Blogger Eric Deggan, a staff writer of the St. Petersburg Times, now reports that colleagues at USA Today, CNN Headline News and CBS radio asked him, after his initial postings on the story, "to weigh in on the question of the moment: Is CBS now prepared to exploit racial strife for ratings gain?"
"This is hardly what the Kerner Commission had in mind when it urged TV executives back in 1968 to fully integrate black people 'into all aspects of televised programming,' " Deggan scoffs.
Controversy on Internet and radio is only heating up in response to reports such as one in the Chicago Tribune that "Survivor" producer Burnett says in a promotional video "that he thought the racial element of the show could bring out the best in the competitors."
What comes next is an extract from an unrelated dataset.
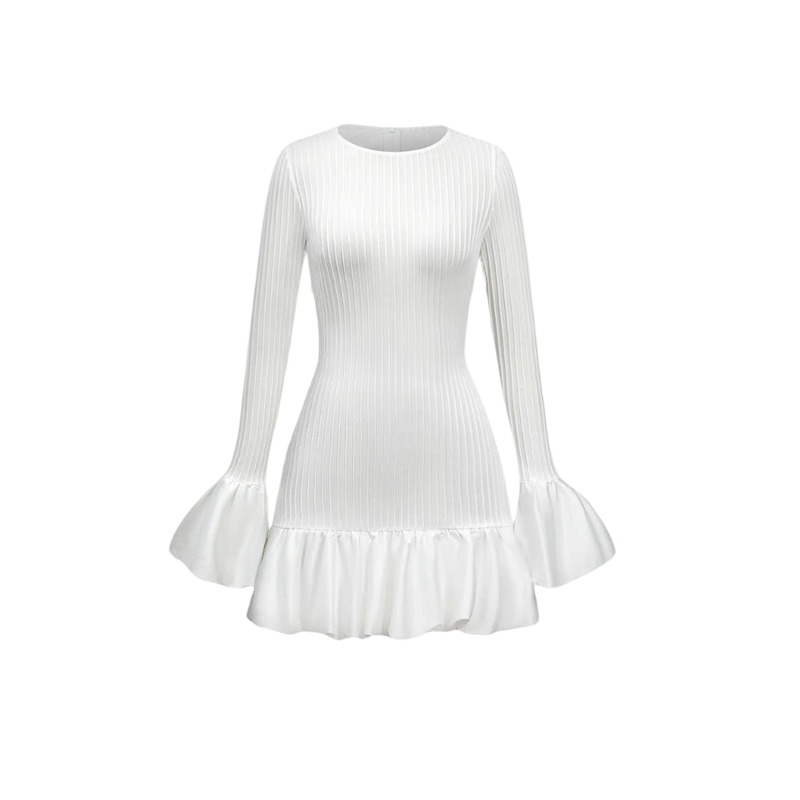 Levoire | Robe Mini Blanche Avec Détails Volants L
Overall, the story has reached a second level of coverage in which some professional journalists are now beginning to criticize the media for playing into the hands of an apparent public relations ploy by the producer.
"Something that would whip the press into a frenzy amounting to millions of dollars worth of free publicity," is how the Washington Post puts it, in an article that, as is the nature of news media, only serves to add to that free publicity.
As does this article. Whatever else we will learn from this -- whether or not this survival-of-the-(racially?)-fittest "Survivor" sees air -- any publicity ploy aforethought there may have been seems to be working.